|
|
|
|
|
by nightfader
999 days ago
|
|
How is it not bad design? Let's say you are working in a team. Would you really want your colleagues spending a significant amount of time cloning your artifacts? Your comment is also not consistent with forgetting that one is not a developer. Even if it's my grandma, she's not gonna want to wait for 1hour to download a giant file from VC assuming she knows what a VC is.
Large blobs can go into versioned object storage like GCS or S3 etc |
|
I've tried many different SCM over the years and I was happy when git took root, but its poor handling of large files was problematic from the beginning. Git being bad at large files turned into this best practice of not storing large files in git, which was shortened to "don't store large files in SCM." I think that's a huge source of our availability and/or supply chain headache.
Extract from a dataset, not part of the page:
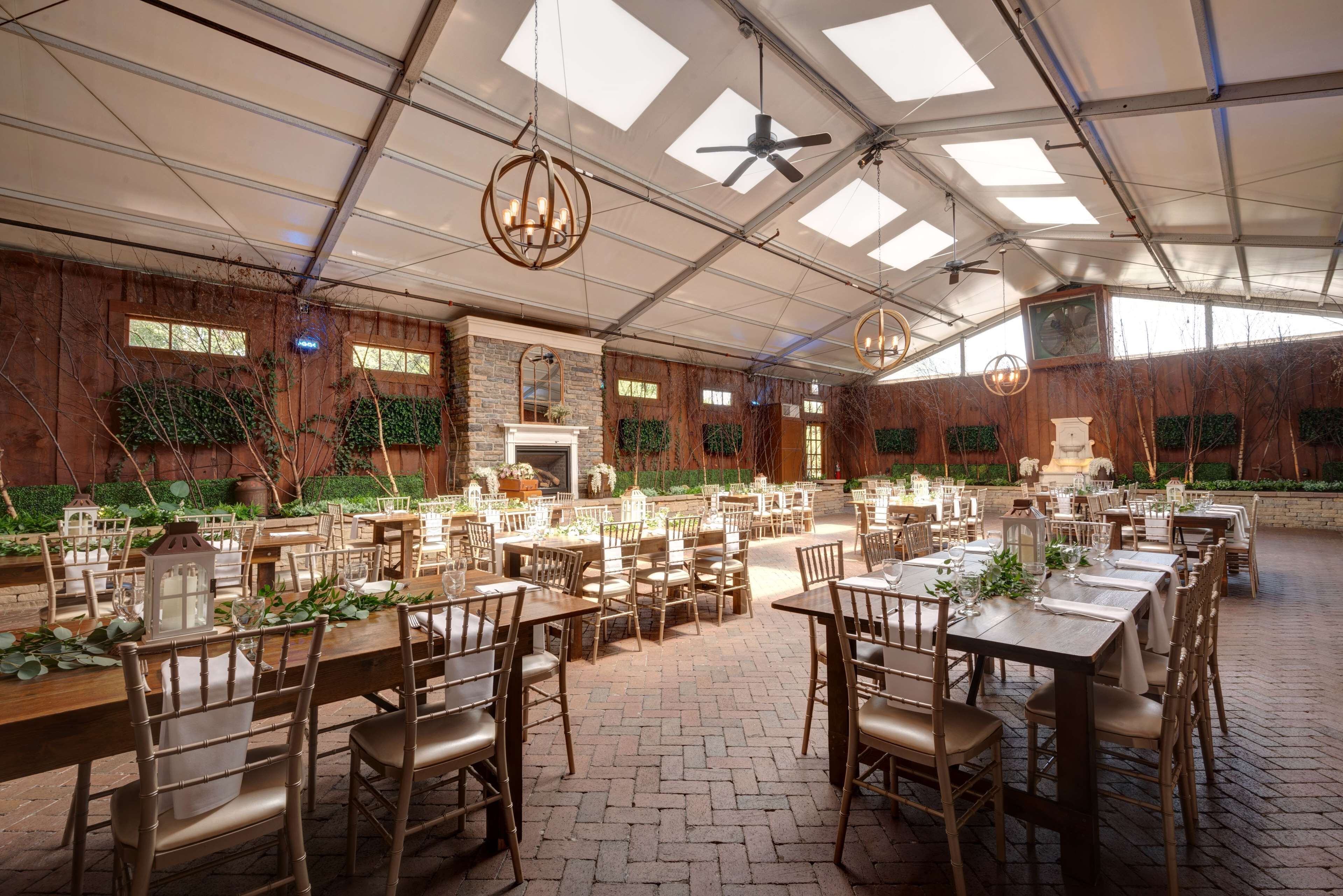 A spacious indoor dining area with multiple tables and chairs, a high ceiling with skylights, and a rustic wooden wall.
I have projects from 20 years ago that I can build because all of the dependencies (minus the compiler -- I'm counting on it being backwards compatible) are stored right in the source code. Meanwhile, I can't do that with Ruby projects from several years ago because gems have been removed. I've seen deployments come to a halt because no startup runs its own package server mirror and those servers go offline or a package may get deleted mid-deploy. The infamous leftpad incident broke a good chunk of the web and that wouldn't have happened if that package was fetched once and then added to an appropriate SCM. Every time we fetch the same package repeatedly from a package server we're counting on it having not changed because no one does any sort of verification any longer.